Whenever I meet new physical therapists, I am always blown away by their compassion for their patients and their deep-seated drive to help those patients heal. PTs—like many other healthcare providers—naturally operate from a state of altruism. We genuinely care for our patients and want to help them achieve their health goals, so we work 12-hour days, bring our documentation home, and still make time for patient phone calls and emails.
But, as they say, the road to hell is paved with good intentions, and even though we care about our patients—even though we’re invested in their healthcare journey—we cannot (and do not) serve our patients equally. The reason? Our country’s institutions, including the massive institution of healthcare, are plagued by systemic racism and systematic prejudice.
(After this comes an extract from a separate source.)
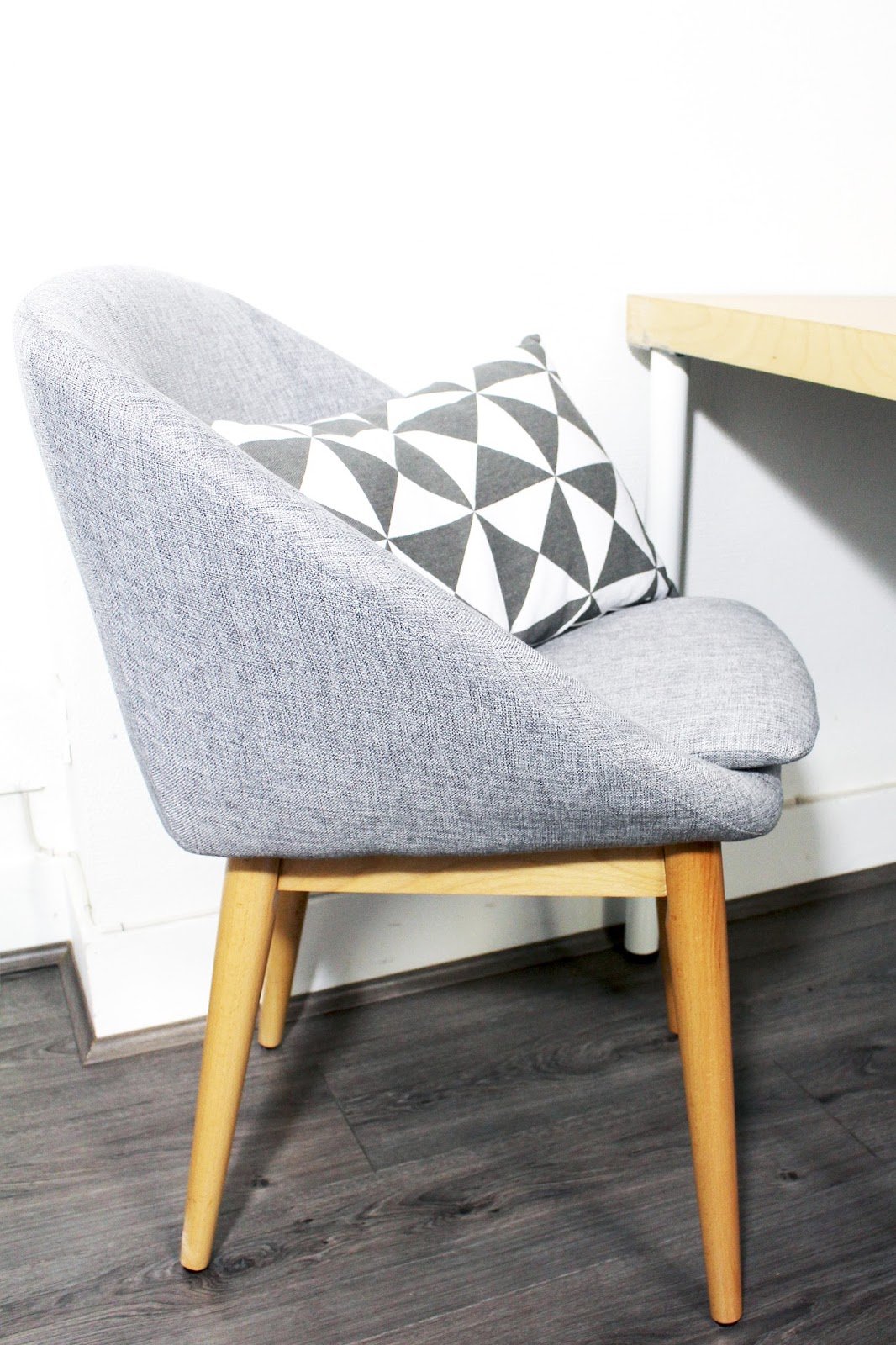 fauteuil de table gris 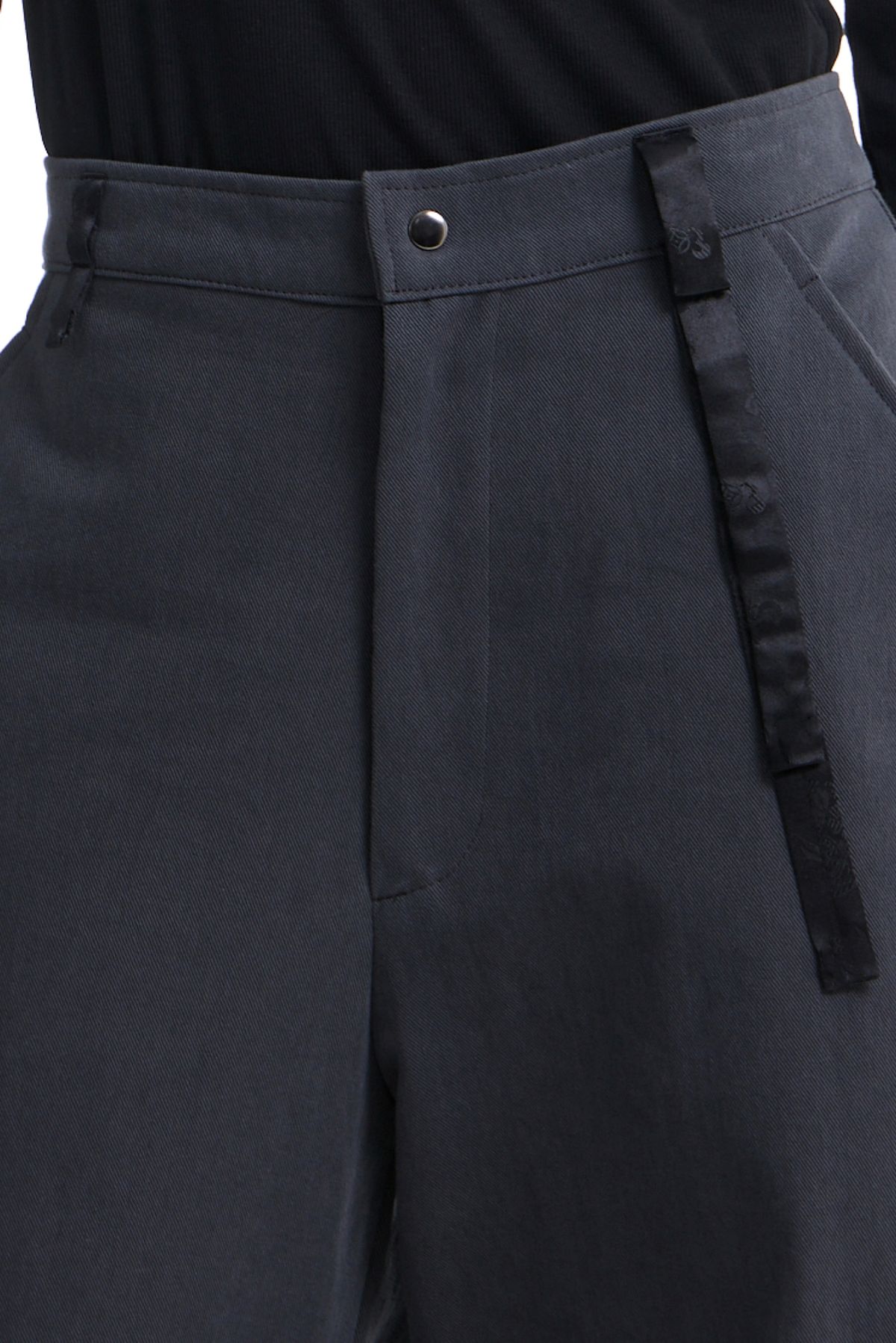 칠 하나 투 구육(71TO96) Daenggi Cargo Pants (Charcoal)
This isn’t a new concept, but recent events have brought it back into the limelight.
Some of you may have had a knee-jerk reaction to the end of that last paragraph. “I’m not racist. I treat all my patients equally—and I’m a good person!” But, the reality is that racism doesn’t follow a strict “good versus bad” dichotomy. Good people can (and do) participate in racism every day. It may not be on purpose, and you may not realize that it’s happening, but the foundations of our society are cemented with inequity. Black patients and other patients of color, in many different ways and for many different reasons, do not receive the same quality of care as white patients. And that is why we must talk about racism—it is a public health crisis that stands to affect the future of the PT industry, and we have a moral obligation to fight it.
I recognize that this can be an uncomfortable topic and that the PT industry is busy trying to rebuild in the financial aftermath of COVID-19, but I invite you (maybe even implore you) to sit in that discomfort. We have an opportunity to learn, grow, and improve ourselves and the world. But we must be willing to look at the hard facts, accept uncomfortable truths, and put in the work to fix what’s broken.
Let’s start with those hard facts and truths. I’m going to raise a lot of provocative questions, make the case that we are not doing right by our patients, and highlight the countless opportunities we have to do better.
The PT profession is not diverse.
No matter which way you slice it, the racial and ethnic makeup of the PT profession does not match the racial and ethnic makeup of the United States. I’ve shared these statistics before, but I believe they bear repeating.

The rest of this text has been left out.